Als Chaos kann man diese hausgemachten Gewinneinbrüche also nicht bezeichnen. Sie sind vielmehr Ergebnis einer gezielten Unternehmensstrategie von Diess, Blume und Källenius, die sowohl bei VW, Audi, Porsche und Mercedes in die falsche Richtung führte. Die aber, anders als früher bei GM und Chrysler, ihre Unternehmen nicht an den Rand der Insolvenz führte. Und im VW-Konzern bereits auf breiter Front zum Umdenken geführt hat.

Die Zukunft der deutschen Autoindustrie ist nicht düster.
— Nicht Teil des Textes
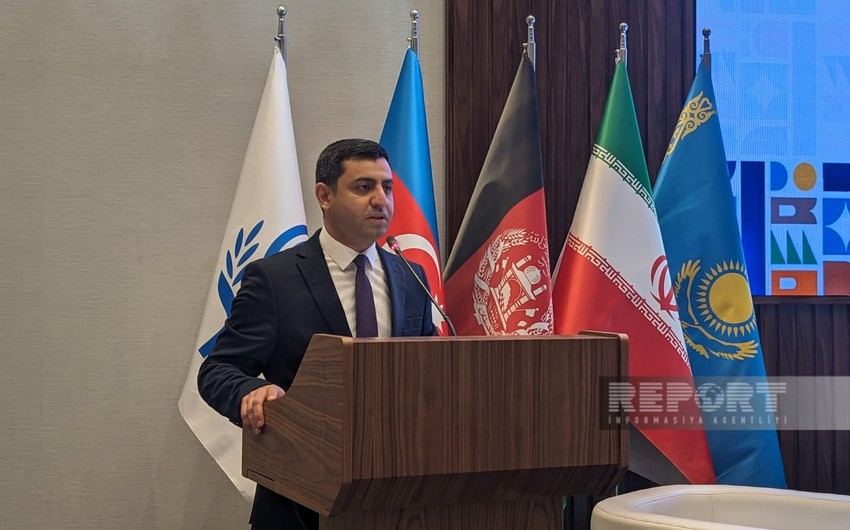 Azerbaijan's tourism agency official calls for implementation of joint projects with ECO states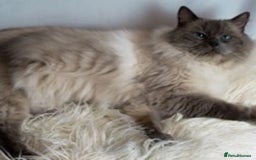 Ragdoll cats for sale: Ragdoll kittens for sale  - Image 9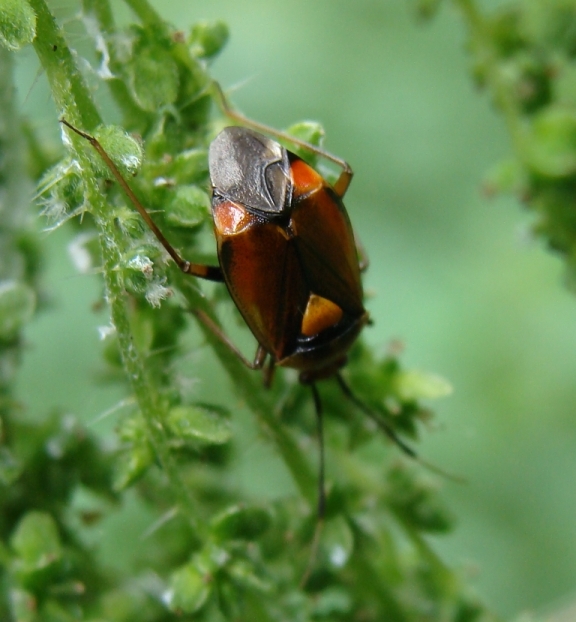 Miridae: Deraeocoris, Lygus e Lygocoris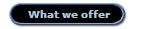 What we offer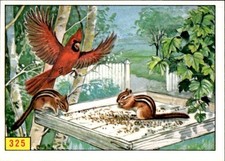 figurina Uccelli ed.Panini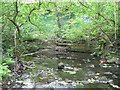 Weir by Troy and Brookfoot Mills, Horsforth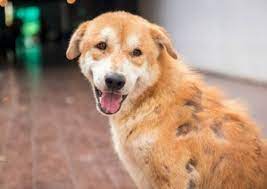 듬성듬성 털이 빠진 개의모습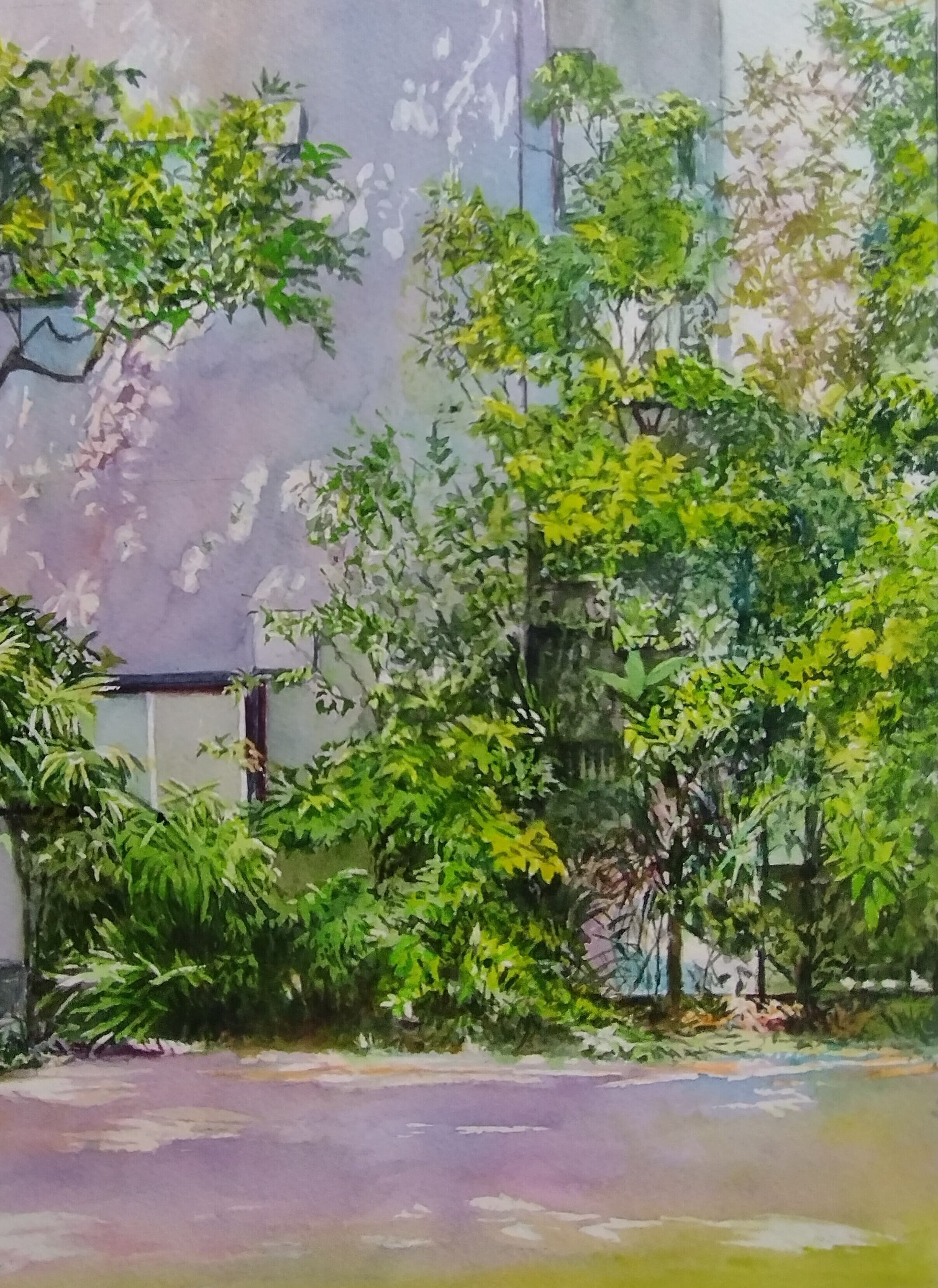 水彩画 画題「緑に包まれし大木」 | yamakasumi56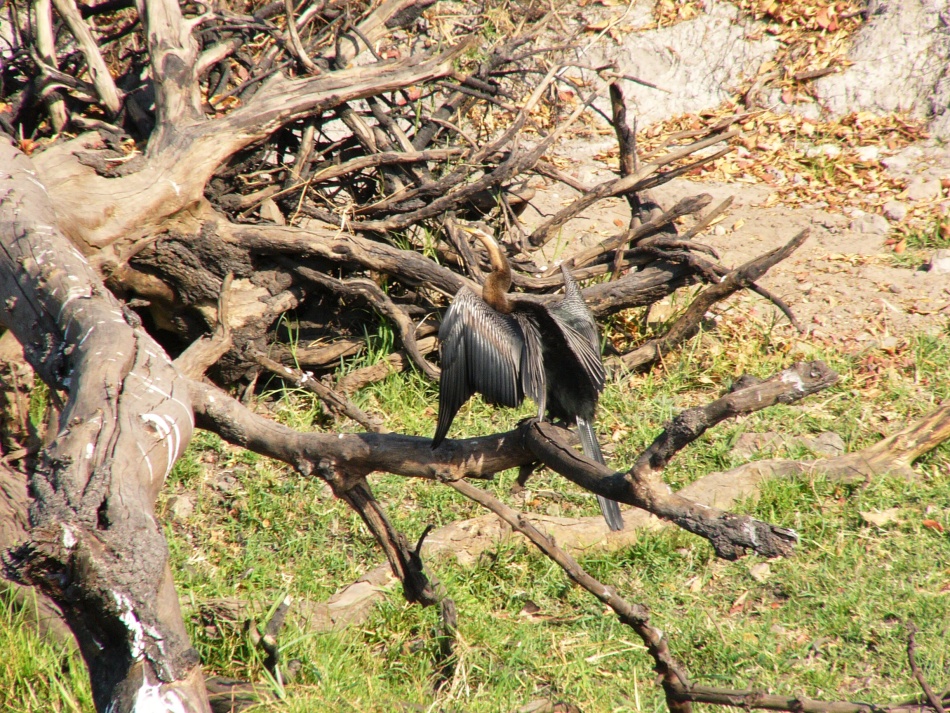 Anhinga rezavá_3.jpg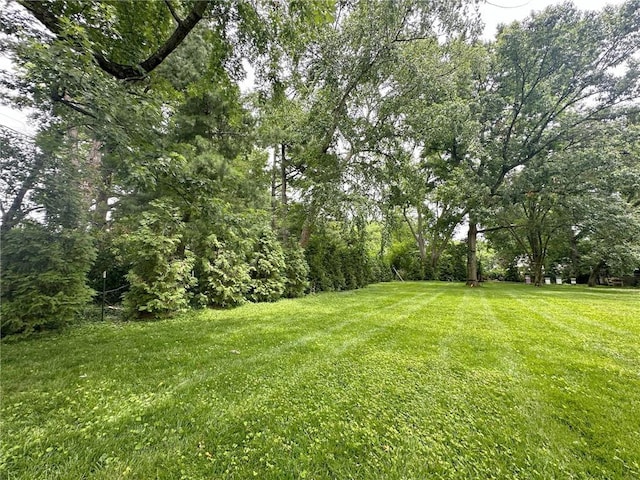 3700 W 65th St, Mission Hills, KS 66208 - view of green lawn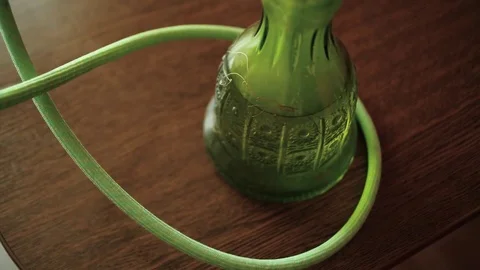 Green hookah Stock Footage 71328409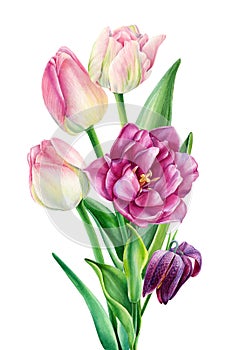 Tulips watercolor bouquet. Garden flowers, leaves. Floral pastel hand drawn isolated on white background, Tulip clipart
VW und Porsche haben die Zeichen der Zeit erkannt und strategisch reagiert: VW hat den chinesischen Hauptmarkt abgespaltet und entwickelt und produziert in Zukunft in China für China. Porsche hat den Verbrenner wiederentdeckt und steuert gezielt auf Hybride jedweder Art zu.

Nur Mercedes hält bis zuletzt an seiner Elektro- und Luxusstrategie fest. Selbst die Neuauflage der unteren Modellreihe (CLA) verträgt konstruktiv nur einen leistungsschwachen Vierzylinder-Verbrennungsmotor. Der zudem noch bei Großaktionär Geely in China gebaut wird. Und BMW läuft, soweit erkennbar, weiter in der dualen Technologie-Spur.

Alle deutschen Hersteller, auch Audi, fahren ihre Produktions-Aktivitäten in den USA hoch und passen sich in China zunehmend den aktuellen Besonderheiten des chinesischen Käufergeschmacks an. Geld fehlt nirgends. Ungeachtet aller positiven aktuellen Absatzsignale und Erwartungen für die Zukunft aus den Unternehmen selber: Die Zeit so hoher Renditen wie früher dürfte vorerst vorbei sein – bei allen.